Dhaka, Mar 20 (EFE).- Bangladesh passed a rare 100 days on Sunday without any extrajudicial killing in the name of “gunfight” or “shootout” between law enforcers and suspected criminals.

The unexpected pause in the frequent “shootout” incidents came after the United States on Dec.10 imposed sanctions on the country’s elite security force Rapid Action Battalion (RAB) and seven of its current and former officials, including police chief Benazir Ahmed for alleged human rights abuses.

Human rights defenders said the pause in killings in the so-called gunfights after the US sanctions showed law-enforcing enforcing agencies staged these incidents and provided false narratives.

A similar halt took place in 2020 after the killing of a retired army major in southern Cox’s Bazar district. The alleged murder sparked tension between the military force and police.

According to the Bangladeshi newspaper The Daily Star, except for one incident in northeast Sylhet, not a single “shootout” was reported in the country for over five months after the death of retired army officer Rashed Sinha in police firing.

The “shootout” or “gunfight” resumed slowly, causing the death of 51 people in 2021, said Bangladeshi rights group Ain o Salish Kendra (ASK).

The last such death was reported hours before the imposition of the US sanctions when a suspected “robber” was killed in a “gunfight” between RAB and “a gang of robbers” in southwest Barguna district.

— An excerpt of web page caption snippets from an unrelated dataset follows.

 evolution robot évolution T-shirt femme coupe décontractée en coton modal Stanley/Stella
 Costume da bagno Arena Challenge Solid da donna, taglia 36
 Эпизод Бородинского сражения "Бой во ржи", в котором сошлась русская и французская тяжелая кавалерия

“It has also proven that these incidents were neither spontaneous nor sporadic, instead it was a well-coordinated tactic of the law enforcement agencies, presumably backed by a policy decision,” Ali Riaz, a professor at Illinois State University and non-resident senior fellow of Atlantic Council, told EFE.

Riaz led a research project for the non-profit Center for Governance Studies in Bangladesh, which analyzed 591 incidents of extrajudicial killings in the country between 2019 to 2021.

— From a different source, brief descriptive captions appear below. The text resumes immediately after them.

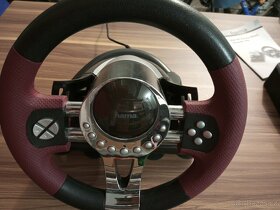 Volant Hama Racing Wheel Thunder V5 s pedály komplet - 6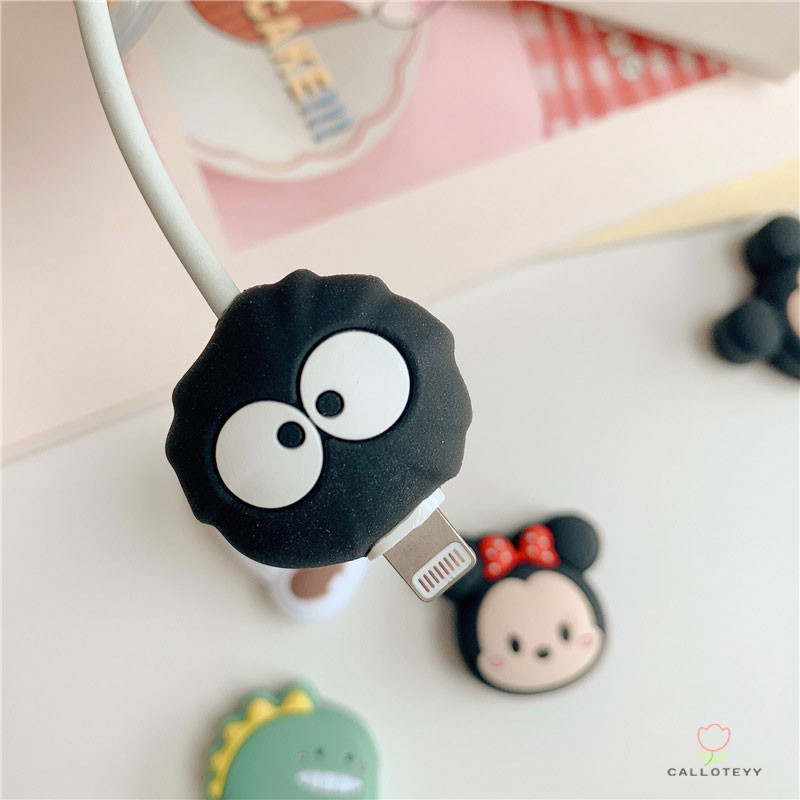 ปลอกป้องกันสายเคเบิลข้อมูล ลายก้อนเมฆขนมปังน่ารัก การ์ตูนมอนสเตอร์น้อย-CY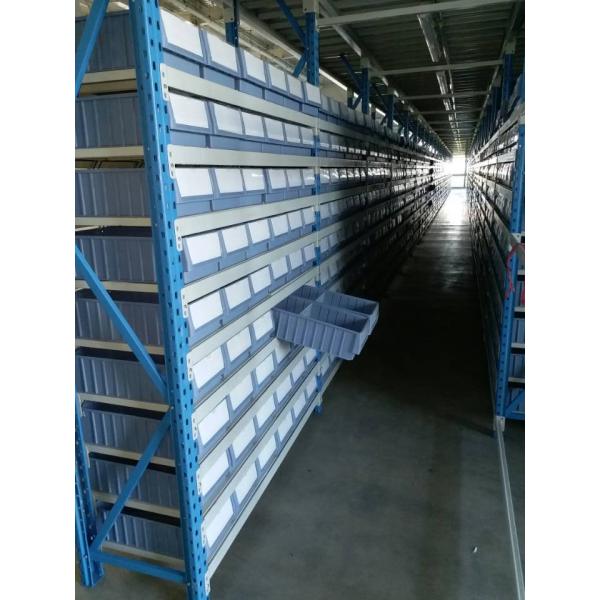 Warehouse Industrial Plastic Hardware Stack Nest Shelf Wall Mounted Hanging Storage Spare Parts Bins For Rack Workbenck Panel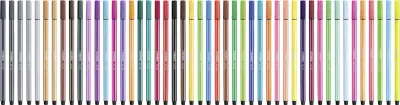 STABILO fiber pen pen 68, srednje siva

The research, published on Mar.12, found “gunfights” constituted 86.63 percent of such killings.

At least 4,140 people were killed in Bangladesh between 2001 and 2021 in extrajudicial killings by security forces, said human rights group Odhikar.

Riaz said US sanctions had drawn international attention to the human rights records of Bangladesh.

But he feared the current pause was unlikely to sustain for long.

“There are three reasons that make it likely to resume. No punitive measures are attached to the sanctions, the US focus is likely to be shifted, and the institutional arrangements of impunity to the law enforcement agencies is not being addressed,” he said.

In the wake of UN sanctions on RAB, Bangladesh appointed a lobbyist firm in the US for a monthly fee of $20,000 with a target to remove the sanctions, deputy minister for Foreign Affairs Shahriar Alam told media in February.

Rights defenders criticized the move.

They said appointing a lobbyist or public relations firm for a rosy picture of the human rights situation was not the way.

“It is unfortunate that the government seems more focused on its reputation than to address the root problem robustly,” Meenakshi Ganguly, South Asia director at Human Rights Watch, told EFE.

“The government should be committed to the protection of the rights of Bangladeshis to not be arbitrarily detained, tortured, forcibly disappeared, or killed,” she said.